1
votes

I want to get data from nifi flow to spark and do some stuff. After that I want to send result again to nifi flow.

This is my nifi flow to send data to spark using output ports.

enter image description here

To get data from Nifi flow I wrote the below function.

def process() ={

    val schema =
      StructType(
        Seq(
          StructField(name = "ID", dataType = StringType, nullable = false),
          StructField(name = "Client_Name", dataType = StringType, nullable = false),
          StructField(name = "Due_Date", dataType = StringType, nullable = false),
          StructField(name = "Score", dataType = StringType, nullable = false)
        )
      )

    val config =
      new SiteToSiteClient
      .Builder()
      .url("http://localhost:8090/nifi")
      .portName("Data For Spark")
        .buildConfig()


    val sparkConf = new SparkConf()
      .setMaster("local[*]")
      .setAppName("NiFi-Spark Streaming example")

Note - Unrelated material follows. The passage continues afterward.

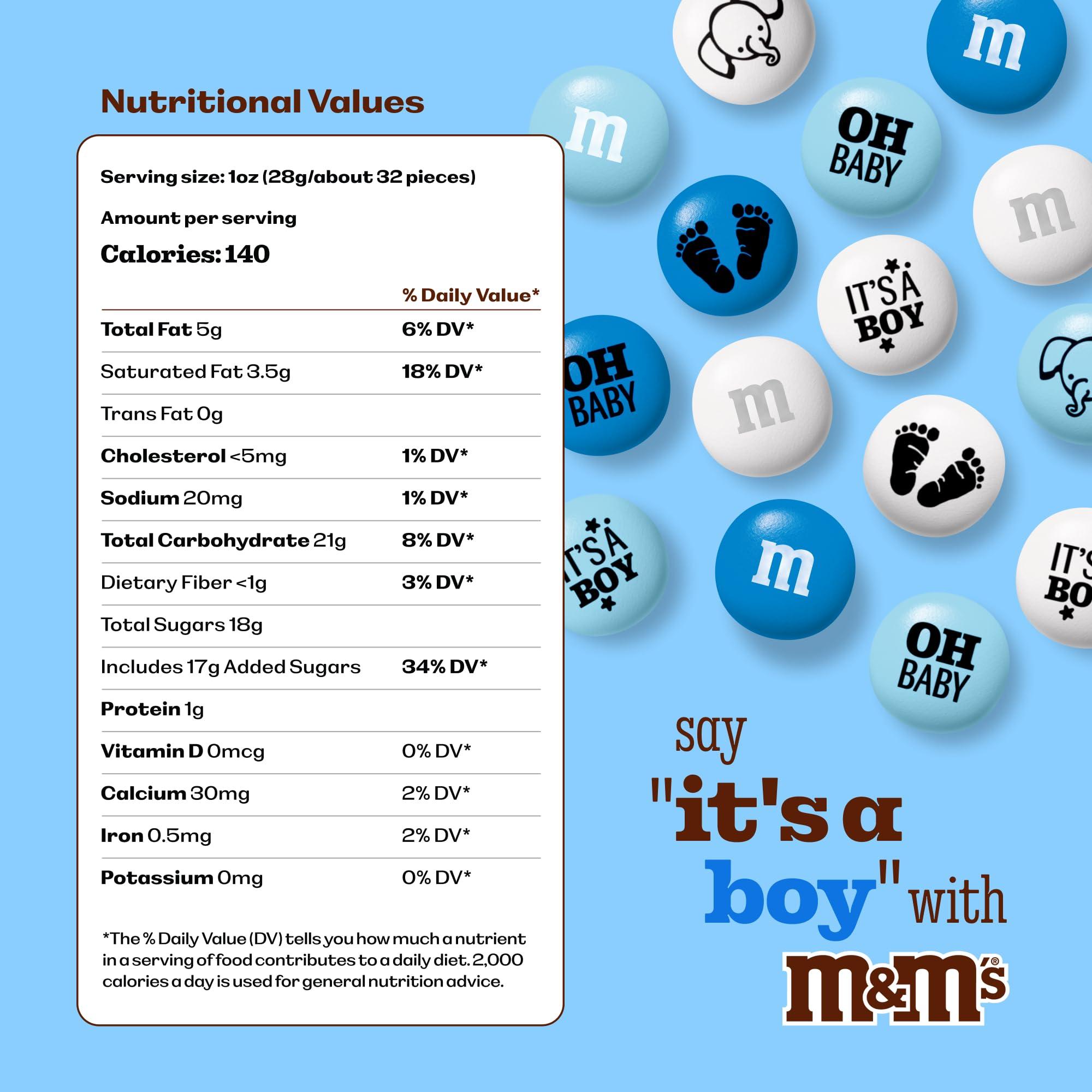 MY M&M\'S M&MS It\'s A Boy Milk Chocolate Candy - 2lbs of White & Blue Candy For Boy Baby Shower Decorations, Baby Showers, Gender Reveals, and More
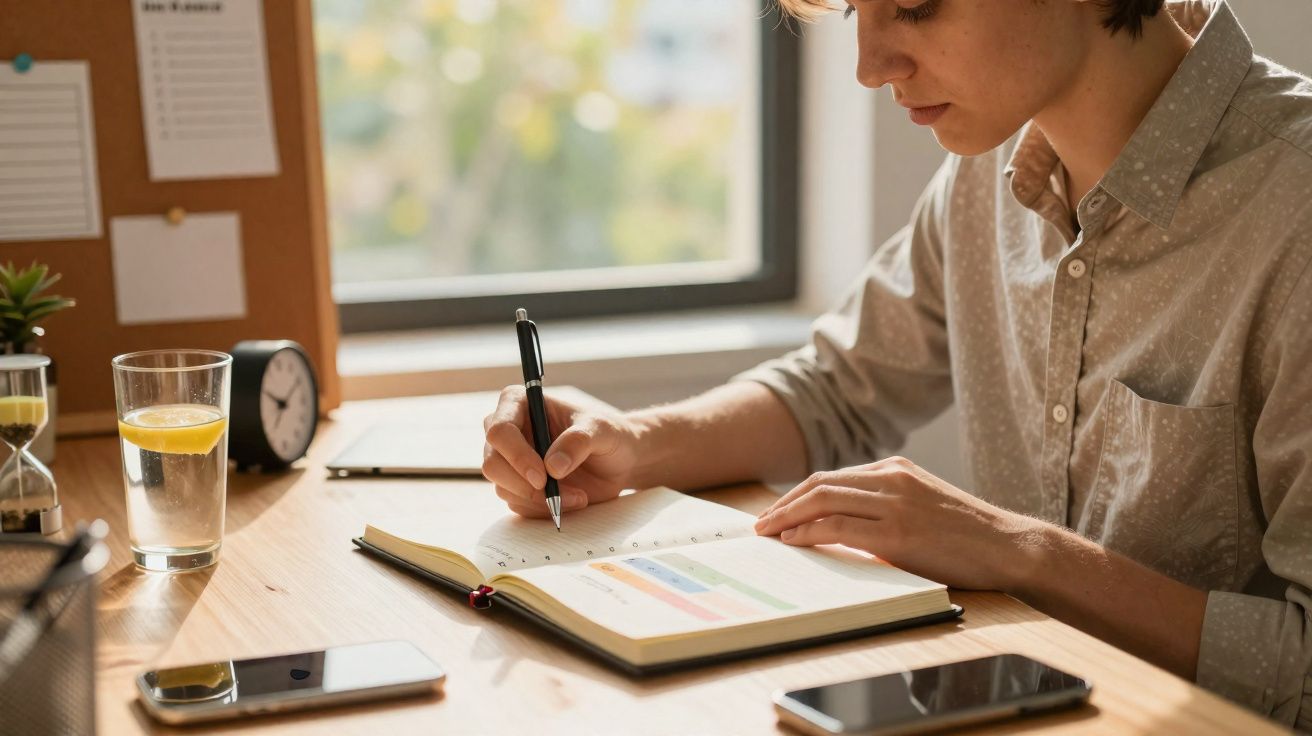 Pessoa escrevendo em agenda colorida em mesa de madeira com celular, copo com água e relógio analógico.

    val ssc = new StreamingContext(sparkConf, Seconds(10))

    val spark = SparkSession.builder().config(sparkConf).getOrCreate()

    val packetStream = ssc.receiverStream(new NiFiReceiver(config, StorageLevel.MEMORY_ONLY))

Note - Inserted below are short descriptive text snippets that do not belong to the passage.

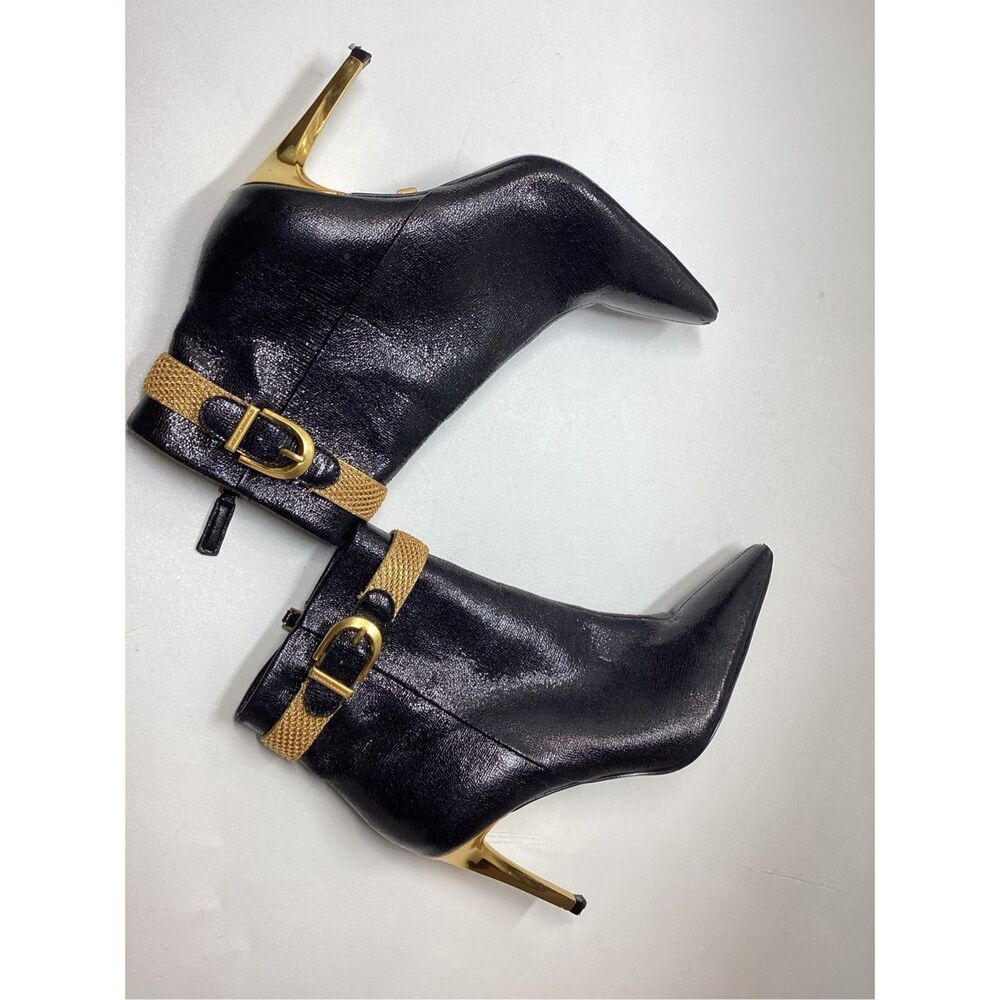 Donna‎ karan Sylvia Black & Gold stiletto  Bootie - Picture 8 of 17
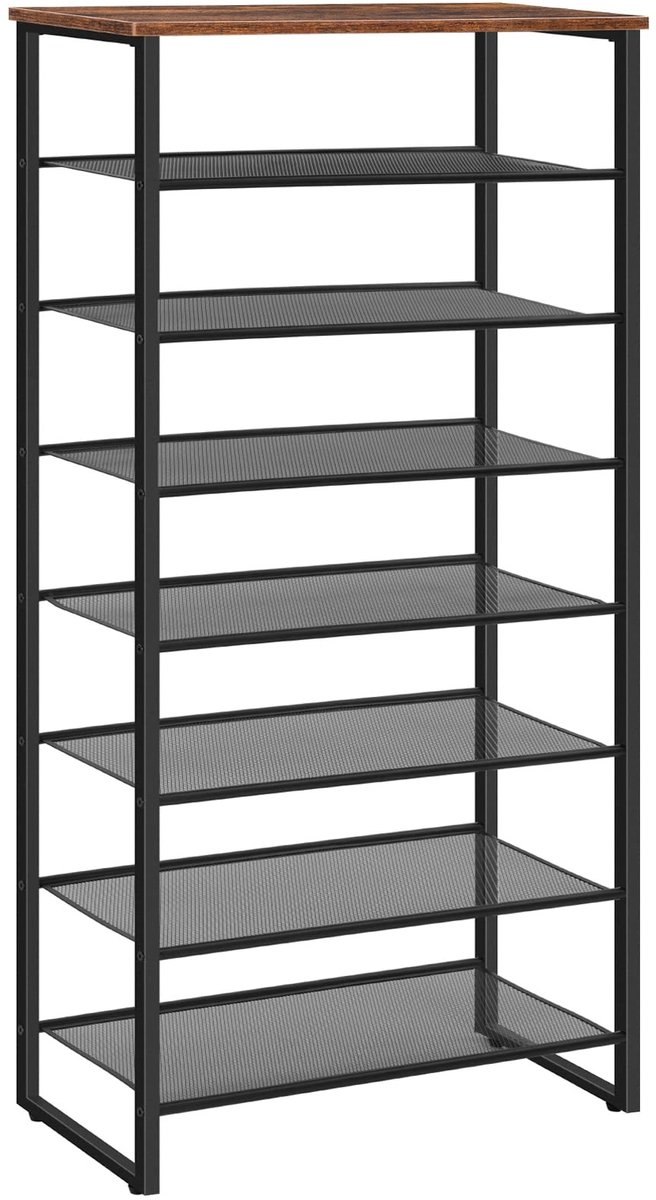 Seb3 - Schoenenrek - 8 Laags - Stijlvol en Stevig - Bruin - Schoenorganiser - Geschikt voor Hal en Woonkamer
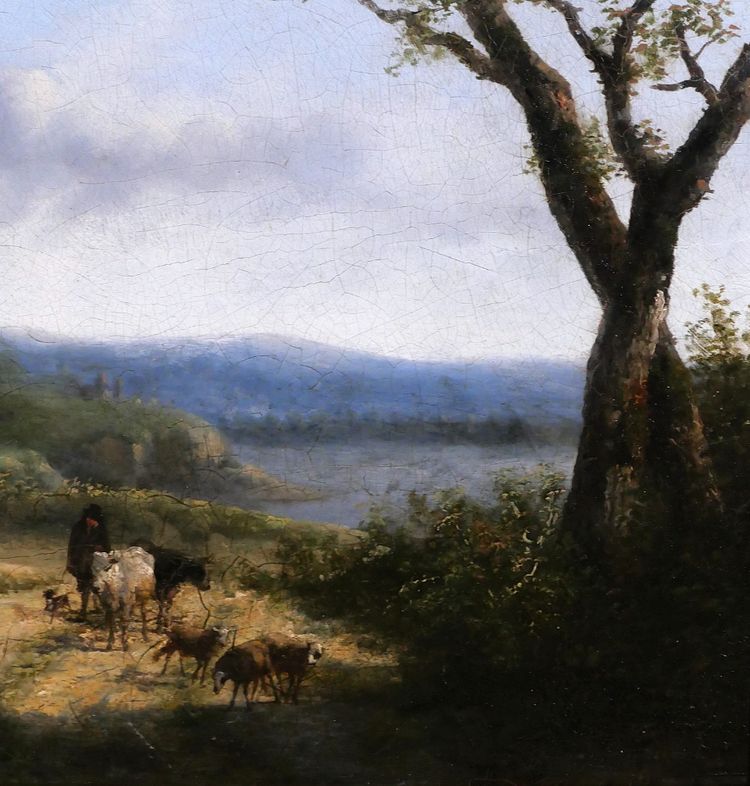 Jean-Baptiste de Jonghe (attr. à) 1785-1844 Paysage aux moutons, tableau, début 19e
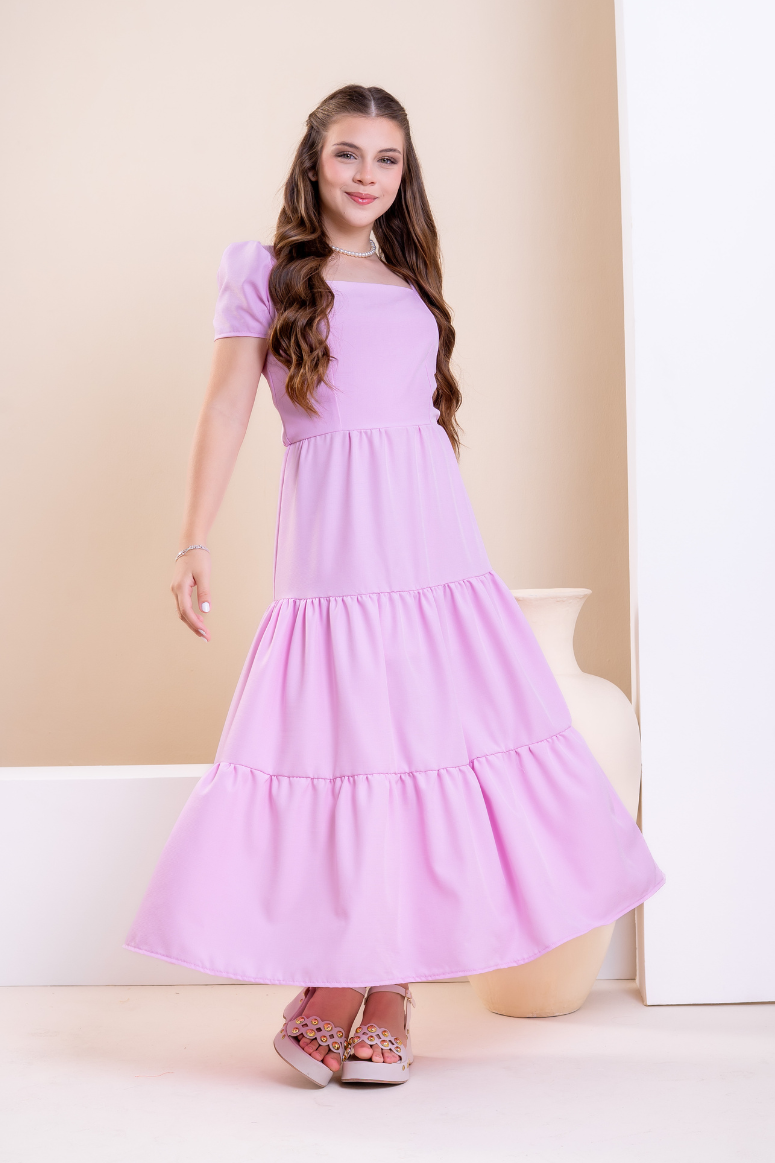 Vestido Longo Juvenil Festas Lilás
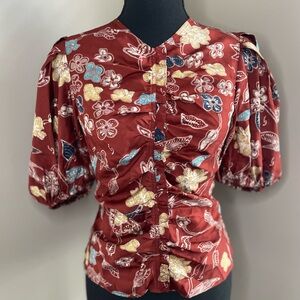Ulla Johnson Floral Puff Sleeve Blouse in Red and Yellow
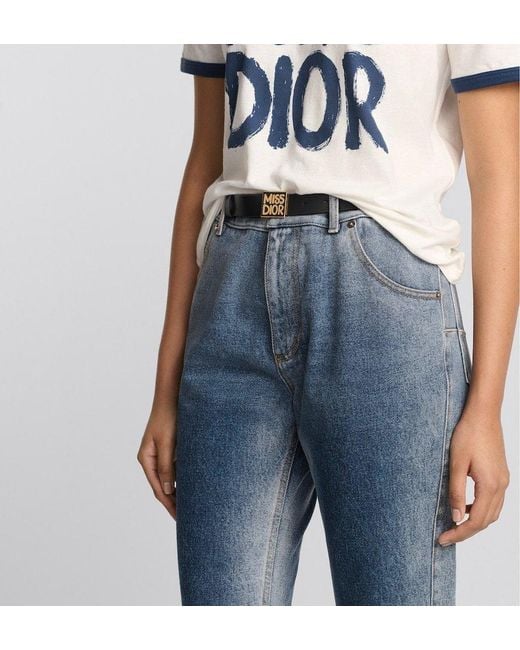 Dior White Miss Graffiti Belt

    val file = packetStream.map(dataPacket => new String(dataPacket.getContent, StandardCharsets.UTF_8))


    file.foreachRDD(rdd => {

      val data = spark.createDataFrame(rdd
                                              .filter(!_.contains("ID,Client_Name,Due_Date,Score"))
                                              .map(line => Row.fromSeq(line.split(",").toSeq)), schema)

      data.show(100)
      val id = data.select("ID")

    })

    ssc.start()
    ssc.awaitTermination()



  }

The final result of above function is id dataframe. I want to send that result to nifi flow. I don't want to write that result as a file to some destination and get to nifi flow using getFile processor.

How can I send the final result to nifi flow?

2

2 Answers

0
votes

This is an interesting approach.

Have you considered introducing a brokering service such as Apache Kafka? This can be used both as a source and as a sink in your Apache Spark application and the integration is out of the box. You can also follow the official guide here: https://spark.apache.org/docs/latest/structured-streaming-kafka-integration.html. The guide describes a flow using the relatively new Apache Spark Structured Streaming.

Then on Apache NiFi you can use the ConsumeKafkaRecord processor to consume from the same topic being used as a sink in your Apache Spark application. You can also make use of the PublishKafkaRecord processor if you wish to refactor your application to make use of Apache Kafka as a source as well rather than relying on Apache NiFi sockets directly.

Update: If you absolutely must write directly to Apache NiFi, using Apache Spark Structured Streaming you can extend the ForeachWriter class (https://spark.apache.org/docs/latest/api/scala/index.html#org.apache.spark.sql.ForeachWriter) to implement your own custom sink.

0
votes

Look at ListenHTTP. That way you will treat NiFi as a simple REST service. Personally, I would prefer some message bus involved between Spark and NiFi but if it is not possible for your use case then you can try if that works for you.